Problem details>
Please set the lines down again exactly, from the top of the entries through the line that contains "Stay Lucky - Samsung".

● ● ●

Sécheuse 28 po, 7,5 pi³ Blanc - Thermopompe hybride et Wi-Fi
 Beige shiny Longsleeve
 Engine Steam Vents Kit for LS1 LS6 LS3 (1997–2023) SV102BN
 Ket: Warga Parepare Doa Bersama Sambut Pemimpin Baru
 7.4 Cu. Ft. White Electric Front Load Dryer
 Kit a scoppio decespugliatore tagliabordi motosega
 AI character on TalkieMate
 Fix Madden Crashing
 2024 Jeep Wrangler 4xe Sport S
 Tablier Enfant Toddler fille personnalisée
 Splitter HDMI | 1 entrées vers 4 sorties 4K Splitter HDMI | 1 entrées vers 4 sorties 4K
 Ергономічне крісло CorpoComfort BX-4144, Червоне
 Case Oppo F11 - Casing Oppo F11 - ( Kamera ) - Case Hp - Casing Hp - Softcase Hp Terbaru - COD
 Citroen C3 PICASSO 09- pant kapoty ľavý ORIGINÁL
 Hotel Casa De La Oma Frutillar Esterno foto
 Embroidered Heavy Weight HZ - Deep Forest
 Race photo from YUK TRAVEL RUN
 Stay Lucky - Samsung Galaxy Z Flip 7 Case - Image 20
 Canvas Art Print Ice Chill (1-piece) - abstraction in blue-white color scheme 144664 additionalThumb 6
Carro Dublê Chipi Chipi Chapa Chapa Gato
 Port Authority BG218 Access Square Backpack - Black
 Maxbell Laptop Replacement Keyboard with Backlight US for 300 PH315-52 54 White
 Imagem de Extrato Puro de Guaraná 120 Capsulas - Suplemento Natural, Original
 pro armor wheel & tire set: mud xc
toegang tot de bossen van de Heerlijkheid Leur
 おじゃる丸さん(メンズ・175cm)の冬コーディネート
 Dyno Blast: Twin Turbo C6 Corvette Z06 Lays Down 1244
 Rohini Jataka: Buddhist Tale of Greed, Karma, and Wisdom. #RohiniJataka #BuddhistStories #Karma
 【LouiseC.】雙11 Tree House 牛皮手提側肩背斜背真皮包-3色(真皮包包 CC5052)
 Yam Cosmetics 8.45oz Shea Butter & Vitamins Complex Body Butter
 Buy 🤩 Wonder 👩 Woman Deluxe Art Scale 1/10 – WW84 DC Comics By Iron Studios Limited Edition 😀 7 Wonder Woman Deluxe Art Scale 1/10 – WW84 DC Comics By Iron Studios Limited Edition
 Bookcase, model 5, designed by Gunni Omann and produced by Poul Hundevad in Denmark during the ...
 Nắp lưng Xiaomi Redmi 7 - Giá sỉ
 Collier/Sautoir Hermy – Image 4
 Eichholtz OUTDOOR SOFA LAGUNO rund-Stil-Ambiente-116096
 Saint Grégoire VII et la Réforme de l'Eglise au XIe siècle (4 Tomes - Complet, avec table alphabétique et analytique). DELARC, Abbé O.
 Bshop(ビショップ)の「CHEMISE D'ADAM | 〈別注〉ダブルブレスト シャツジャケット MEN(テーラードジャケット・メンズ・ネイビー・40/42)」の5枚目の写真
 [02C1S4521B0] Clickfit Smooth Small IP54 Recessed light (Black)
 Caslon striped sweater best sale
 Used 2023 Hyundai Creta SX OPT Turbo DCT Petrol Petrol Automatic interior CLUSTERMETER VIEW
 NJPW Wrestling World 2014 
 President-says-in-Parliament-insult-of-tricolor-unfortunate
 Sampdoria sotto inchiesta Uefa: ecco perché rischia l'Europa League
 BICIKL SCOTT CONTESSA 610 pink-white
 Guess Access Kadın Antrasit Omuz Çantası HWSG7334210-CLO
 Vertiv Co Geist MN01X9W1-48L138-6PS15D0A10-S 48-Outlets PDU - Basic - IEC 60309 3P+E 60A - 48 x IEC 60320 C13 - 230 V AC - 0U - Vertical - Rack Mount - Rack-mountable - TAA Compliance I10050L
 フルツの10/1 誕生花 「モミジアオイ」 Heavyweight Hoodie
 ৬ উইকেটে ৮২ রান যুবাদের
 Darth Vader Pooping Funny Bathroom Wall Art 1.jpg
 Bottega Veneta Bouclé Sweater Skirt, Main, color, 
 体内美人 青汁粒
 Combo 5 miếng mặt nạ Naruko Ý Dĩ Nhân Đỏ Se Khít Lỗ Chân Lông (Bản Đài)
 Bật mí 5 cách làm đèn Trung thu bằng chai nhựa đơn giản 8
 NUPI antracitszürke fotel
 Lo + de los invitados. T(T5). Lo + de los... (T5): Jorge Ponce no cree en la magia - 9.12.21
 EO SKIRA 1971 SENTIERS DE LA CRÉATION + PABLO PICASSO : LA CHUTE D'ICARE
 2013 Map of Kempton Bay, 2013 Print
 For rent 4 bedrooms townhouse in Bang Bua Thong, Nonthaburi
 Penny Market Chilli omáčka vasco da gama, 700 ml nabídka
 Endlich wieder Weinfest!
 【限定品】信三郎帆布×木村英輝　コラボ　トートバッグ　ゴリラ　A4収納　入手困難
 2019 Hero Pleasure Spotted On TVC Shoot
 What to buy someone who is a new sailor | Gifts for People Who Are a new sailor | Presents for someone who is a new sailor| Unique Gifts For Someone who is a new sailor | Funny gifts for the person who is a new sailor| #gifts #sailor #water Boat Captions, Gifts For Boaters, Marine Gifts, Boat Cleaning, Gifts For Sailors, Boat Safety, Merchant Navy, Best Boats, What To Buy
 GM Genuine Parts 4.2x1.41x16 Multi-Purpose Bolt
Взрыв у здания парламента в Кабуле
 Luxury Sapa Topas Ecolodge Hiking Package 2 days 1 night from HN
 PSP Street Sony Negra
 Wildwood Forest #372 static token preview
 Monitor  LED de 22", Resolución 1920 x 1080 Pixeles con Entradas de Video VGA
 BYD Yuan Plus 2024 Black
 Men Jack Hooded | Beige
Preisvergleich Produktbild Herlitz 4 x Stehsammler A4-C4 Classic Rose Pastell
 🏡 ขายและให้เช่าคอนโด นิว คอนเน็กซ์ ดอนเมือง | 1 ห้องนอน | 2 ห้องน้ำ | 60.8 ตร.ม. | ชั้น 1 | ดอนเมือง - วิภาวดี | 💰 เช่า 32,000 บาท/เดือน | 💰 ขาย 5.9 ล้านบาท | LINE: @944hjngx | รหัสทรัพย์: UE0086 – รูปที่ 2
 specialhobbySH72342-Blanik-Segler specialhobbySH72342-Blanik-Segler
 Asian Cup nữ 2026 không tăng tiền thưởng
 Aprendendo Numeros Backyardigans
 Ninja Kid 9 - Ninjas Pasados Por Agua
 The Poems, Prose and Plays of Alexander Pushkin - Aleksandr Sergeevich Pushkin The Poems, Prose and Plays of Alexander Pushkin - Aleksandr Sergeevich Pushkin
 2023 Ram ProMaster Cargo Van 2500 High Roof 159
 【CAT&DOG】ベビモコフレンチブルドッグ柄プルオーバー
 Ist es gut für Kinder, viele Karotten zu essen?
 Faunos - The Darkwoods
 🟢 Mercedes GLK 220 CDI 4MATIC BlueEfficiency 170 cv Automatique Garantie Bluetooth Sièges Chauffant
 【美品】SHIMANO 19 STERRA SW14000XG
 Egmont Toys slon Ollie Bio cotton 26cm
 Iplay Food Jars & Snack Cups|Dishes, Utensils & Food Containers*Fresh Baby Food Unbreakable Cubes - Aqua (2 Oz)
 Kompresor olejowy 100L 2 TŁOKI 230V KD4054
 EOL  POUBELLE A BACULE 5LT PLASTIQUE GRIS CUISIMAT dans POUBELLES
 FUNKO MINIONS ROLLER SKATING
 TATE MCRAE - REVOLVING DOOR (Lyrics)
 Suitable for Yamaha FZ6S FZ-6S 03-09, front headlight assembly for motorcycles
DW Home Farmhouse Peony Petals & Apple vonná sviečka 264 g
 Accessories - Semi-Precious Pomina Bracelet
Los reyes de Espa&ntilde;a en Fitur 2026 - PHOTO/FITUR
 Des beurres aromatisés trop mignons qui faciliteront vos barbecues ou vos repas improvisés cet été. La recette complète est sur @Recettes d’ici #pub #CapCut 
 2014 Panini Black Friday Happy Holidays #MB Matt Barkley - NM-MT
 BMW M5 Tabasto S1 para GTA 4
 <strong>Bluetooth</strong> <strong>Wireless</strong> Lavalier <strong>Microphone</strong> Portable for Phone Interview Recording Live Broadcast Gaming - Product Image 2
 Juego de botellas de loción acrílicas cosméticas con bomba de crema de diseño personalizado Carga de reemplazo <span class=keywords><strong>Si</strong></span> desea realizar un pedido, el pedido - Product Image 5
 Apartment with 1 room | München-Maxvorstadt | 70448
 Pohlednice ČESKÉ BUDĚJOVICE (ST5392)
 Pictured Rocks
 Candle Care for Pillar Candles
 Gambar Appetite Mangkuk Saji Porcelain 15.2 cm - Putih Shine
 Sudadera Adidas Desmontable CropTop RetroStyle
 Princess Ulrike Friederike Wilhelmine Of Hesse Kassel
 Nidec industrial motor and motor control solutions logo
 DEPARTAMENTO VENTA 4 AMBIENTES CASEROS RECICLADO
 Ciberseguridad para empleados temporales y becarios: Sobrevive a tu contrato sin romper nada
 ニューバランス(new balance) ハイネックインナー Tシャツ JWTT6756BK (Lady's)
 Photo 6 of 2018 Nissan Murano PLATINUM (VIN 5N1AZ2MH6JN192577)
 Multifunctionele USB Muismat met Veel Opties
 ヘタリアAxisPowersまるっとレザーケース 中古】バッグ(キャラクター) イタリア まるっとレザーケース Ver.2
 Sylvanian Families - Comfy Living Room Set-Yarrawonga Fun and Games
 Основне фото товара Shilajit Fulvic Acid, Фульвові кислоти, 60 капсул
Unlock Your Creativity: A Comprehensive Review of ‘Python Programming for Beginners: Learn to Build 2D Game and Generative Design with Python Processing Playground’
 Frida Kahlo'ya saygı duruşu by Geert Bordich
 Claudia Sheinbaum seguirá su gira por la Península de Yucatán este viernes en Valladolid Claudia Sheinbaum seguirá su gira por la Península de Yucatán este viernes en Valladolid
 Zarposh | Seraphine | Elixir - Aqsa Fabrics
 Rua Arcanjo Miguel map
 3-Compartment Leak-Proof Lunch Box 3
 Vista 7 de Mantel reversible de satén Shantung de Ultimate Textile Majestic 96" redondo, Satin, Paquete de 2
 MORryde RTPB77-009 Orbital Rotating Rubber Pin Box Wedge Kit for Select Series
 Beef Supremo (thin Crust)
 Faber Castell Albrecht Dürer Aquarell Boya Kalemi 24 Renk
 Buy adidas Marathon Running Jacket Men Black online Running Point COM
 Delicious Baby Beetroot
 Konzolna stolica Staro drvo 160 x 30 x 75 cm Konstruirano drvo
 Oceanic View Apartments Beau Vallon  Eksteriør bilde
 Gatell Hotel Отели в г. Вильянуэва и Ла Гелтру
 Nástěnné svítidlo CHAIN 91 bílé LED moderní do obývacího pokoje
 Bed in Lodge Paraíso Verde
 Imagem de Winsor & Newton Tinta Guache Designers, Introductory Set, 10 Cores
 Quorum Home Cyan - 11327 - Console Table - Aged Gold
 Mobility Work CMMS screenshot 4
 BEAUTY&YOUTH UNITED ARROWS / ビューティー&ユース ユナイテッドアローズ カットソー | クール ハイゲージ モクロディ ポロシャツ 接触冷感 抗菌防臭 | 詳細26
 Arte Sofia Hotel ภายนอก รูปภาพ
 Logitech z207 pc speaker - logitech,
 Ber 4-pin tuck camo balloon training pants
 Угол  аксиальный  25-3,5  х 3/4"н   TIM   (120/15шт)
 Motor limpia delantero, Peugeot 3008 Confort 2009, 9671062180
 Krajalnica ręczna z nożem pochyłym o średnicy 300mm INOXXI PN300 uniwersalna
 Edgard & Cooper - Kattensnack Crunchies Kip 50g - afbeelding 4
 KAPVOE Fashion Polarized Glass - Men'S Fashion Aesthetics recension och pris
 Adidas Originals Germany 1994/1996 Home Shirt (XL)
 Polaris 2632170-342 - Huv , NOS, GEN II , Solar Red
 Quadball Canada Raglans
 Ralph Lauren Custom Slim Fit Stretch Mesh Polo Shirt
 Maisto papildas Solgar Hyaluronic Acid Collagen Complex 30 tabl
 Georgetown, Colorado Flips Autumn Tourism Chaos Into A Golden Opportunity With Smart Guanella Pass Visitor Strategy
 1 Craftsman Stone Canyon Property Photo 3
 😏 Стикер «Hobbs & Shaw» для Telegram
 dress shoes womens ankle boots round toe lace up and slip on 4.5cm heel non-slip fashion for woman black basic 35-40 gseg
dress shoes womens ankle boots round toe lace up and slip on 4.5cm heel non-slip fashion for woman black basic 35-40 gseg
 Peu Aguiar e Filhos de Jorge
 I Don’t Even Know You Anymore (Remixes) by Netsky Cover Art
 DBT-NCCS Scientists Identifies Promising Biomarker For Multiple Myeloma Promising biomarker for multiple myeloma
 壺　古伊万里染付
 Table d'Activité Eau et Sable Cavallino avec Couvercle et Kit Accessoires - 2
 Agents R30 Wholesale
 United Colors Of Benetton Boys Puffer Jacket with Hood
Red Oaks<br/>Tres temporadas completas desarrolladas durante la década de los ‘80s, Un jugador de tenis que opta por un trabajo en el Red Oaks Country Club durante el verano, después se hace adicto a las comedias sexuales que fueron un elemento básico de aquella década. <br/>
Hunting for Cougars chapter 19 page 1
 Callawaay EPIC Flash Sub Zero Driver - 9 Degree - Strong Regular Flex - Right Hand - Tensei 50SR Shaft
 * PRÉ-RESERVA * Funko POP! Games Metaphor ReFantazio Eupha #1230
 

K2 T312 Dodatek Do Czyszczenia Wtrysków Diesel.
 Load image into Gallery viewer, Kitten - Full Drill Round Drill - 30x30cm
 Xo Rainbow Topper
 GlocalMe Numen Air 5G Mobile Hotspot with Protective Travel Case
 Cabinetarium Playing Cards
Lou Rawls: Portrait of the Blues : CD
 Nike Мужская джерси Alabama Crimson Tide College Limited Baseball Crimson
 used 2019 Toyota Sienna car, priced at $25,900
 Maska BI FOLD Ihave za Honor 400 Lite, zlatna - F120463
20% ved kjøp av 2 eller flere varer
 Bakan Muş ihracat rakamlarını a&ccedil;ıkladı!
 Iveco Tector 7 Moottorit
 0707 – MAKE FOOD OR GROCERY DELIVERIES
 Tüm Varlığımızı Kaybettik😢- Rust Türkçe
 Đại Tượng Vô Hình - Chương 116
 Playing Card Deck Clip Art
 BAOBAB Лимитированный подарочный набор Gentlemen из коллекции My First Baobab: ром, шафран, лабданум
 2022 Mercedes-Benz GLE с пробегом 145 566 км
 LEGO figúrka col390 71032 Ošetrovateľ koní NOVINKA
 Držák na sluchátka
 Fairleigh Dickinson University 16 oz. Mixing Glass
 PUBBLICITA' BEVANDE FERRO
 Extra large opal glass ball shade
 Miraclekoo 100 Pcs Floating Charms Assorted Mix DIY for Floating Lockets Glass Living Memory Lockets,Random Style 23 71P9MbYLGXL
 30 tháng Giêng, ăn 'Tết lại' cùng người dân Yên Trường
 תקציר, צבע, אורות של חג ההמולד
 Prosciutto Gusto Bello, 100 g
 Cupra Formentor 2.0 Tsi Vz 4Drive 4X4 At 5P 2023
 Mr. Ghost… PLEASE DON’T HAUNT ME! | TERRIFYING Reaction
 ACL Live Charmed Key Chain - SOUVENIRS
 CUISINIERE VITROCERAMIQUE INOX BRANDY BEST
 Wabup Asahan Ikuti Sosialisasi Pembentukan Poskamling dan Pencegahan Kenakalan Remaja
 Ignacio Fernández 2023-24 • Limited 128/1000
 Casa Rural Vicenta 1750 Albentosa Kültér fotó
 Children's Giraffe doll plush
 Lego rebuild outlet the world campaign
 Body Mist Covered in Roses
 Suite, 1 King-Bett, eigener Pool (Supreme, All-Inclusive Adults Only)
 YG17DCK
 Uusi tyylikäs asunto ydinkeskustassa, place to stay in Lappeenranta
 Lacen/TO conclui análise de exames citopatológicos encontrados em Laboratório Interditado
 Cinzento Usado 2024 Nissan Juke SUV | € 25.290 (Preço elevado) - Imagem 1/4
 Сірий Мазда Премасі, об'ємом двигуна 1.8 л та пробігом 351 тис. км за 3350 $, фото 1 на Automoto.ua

● ● ●

Answer space>
Sécheuse 28 po, 7,5 pi³ Blanc - Thermopompe hybride et Wi-Fi
 Beige shiny Longsleeve
 Engine Steam Vents Kit for LS1 LS6 LS3 (1997–2023) SV102BN
 Ket: Warga Parepare Doa Bersama Sambut Pemimpin Baru
 7.4 Cu. Ft. White Electric Front Load Dryer
 Kit a scoppio decespugliatore tagliabordi motosega
 AI character on TalkieMate
 Fix Madden Crashing
 2024 Jeep Wrangler 4xe Sport S
 Tablier Enfant Toddler fille personnalisée
 Splitter HDMI | 1 entrées vers 4 sorties 4K Splitter HDMI | 1 entrées vers 4 sorties 4K
 Ергономічне крісло CorpoComfort BX-4144, Червоне
 Case Oppo F11 - Casing Oppo F11 - ( Kamera ) - Case Hp - Casing Hp - Softcase Hp Terbaru - COD
 Citroen C3 PICASSO 09- pant kapoty ľavý ORIGINÁL
 Hotel Casa De La Oma Frutillar Esterno foto
 Embroidered Heavy Weight HZ - Deep Forest
 Race photo from YUK TRAVEL RUN
 Stay Lucky - Samsung Galaxy Z Flip 7 Case - Image 20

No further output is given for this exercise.